Furthermore, this openness enables researchers worldwide to investigate the inner workings of the model, in contrast to OpenAI’s o1 and o3 models, which function as black boxes. However, some information is still lacking, including the datasets and code utilized for training the models, prompting groups of researchers to work on reconstructing these elements.
Not all of DeepSeek’s cost-cutting strategies are novel; some have been implemented in other large language models (LLMs). In 2023, Mistral AI publicly launched its Mixtral 8x7B model, which was comparable to the leading models of the time. Both Mixtral and DeepSeek’s models utilize the “mixture of experts” approach, where the overall model consists of a collection of smaller models, each specializing in different areas.

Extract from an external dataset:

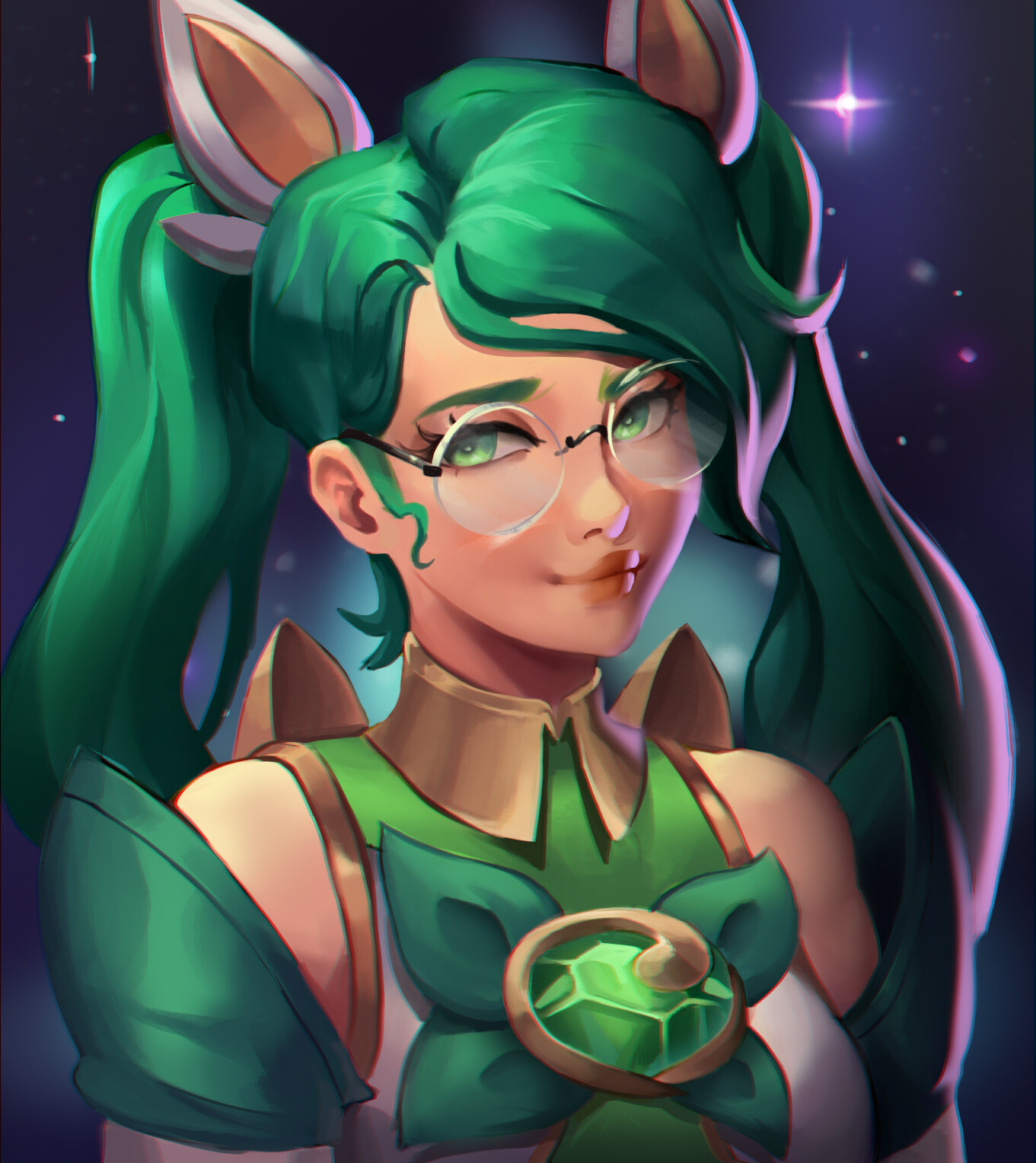 ArtStation Star guardian sona icon fan art(07)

When presented with a task, the mixture model selects the most suitable “expert” to handle it. DeepSeek has also disclosed its unsuccessful efforts to enhance LLM reasoning using other technical methods, including Monte Carlo Tree Search, a strategy that has long been considered a potential way to improve LLM reasoning processes. Researchers will use this information to explore how the model’s already remarkable problem-solving abilities can be further refined—advancements that are likely to be incorporated into the next generation of AI models.

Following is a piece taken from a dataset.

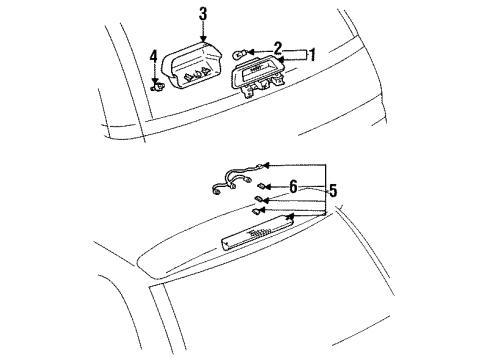 1991 Toyota Previa High Mount Lamps Diagram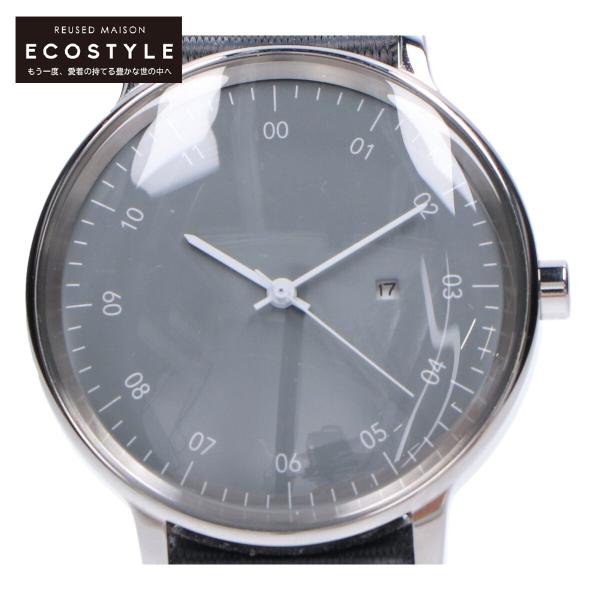 【希少】　サザレ　sazare クォーツ　箱付　01.01.00 グラフペッパー サザレ×グラフペーパーのコラボウォッチはシンプル際立つ無機質グレー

What does all of this imply for the future of the AI industry? DeepSeek appears to be showing that building advanced AI models does not require extensive resources. I predict that we will begin to see highly capable AI models developed with increasingly fewer resources as companies discover ways to enhance the efficiency of model training and operation.
Until now, the AI landscape has largely been controlled by “Big Tech” firms in the US, with Donald Trump referring to DeepSeek’s emergence as “a wake-up call” for the US technology sector. However, this development may not necessarily spell trouble for companies like Nvidia in the long run: as the financial and time investments needed to create AI products decrease, both businesses and governments will find it easier to adopt this technology.
This, in turn, will stimulate demand for new products and the chips that power them, perpetuating the cycle. It seems probable that smaller companies like DeepSeek will increasingly contribute to the development of AI tools that could enhance our lives. Underestimating this potential would be a mistake.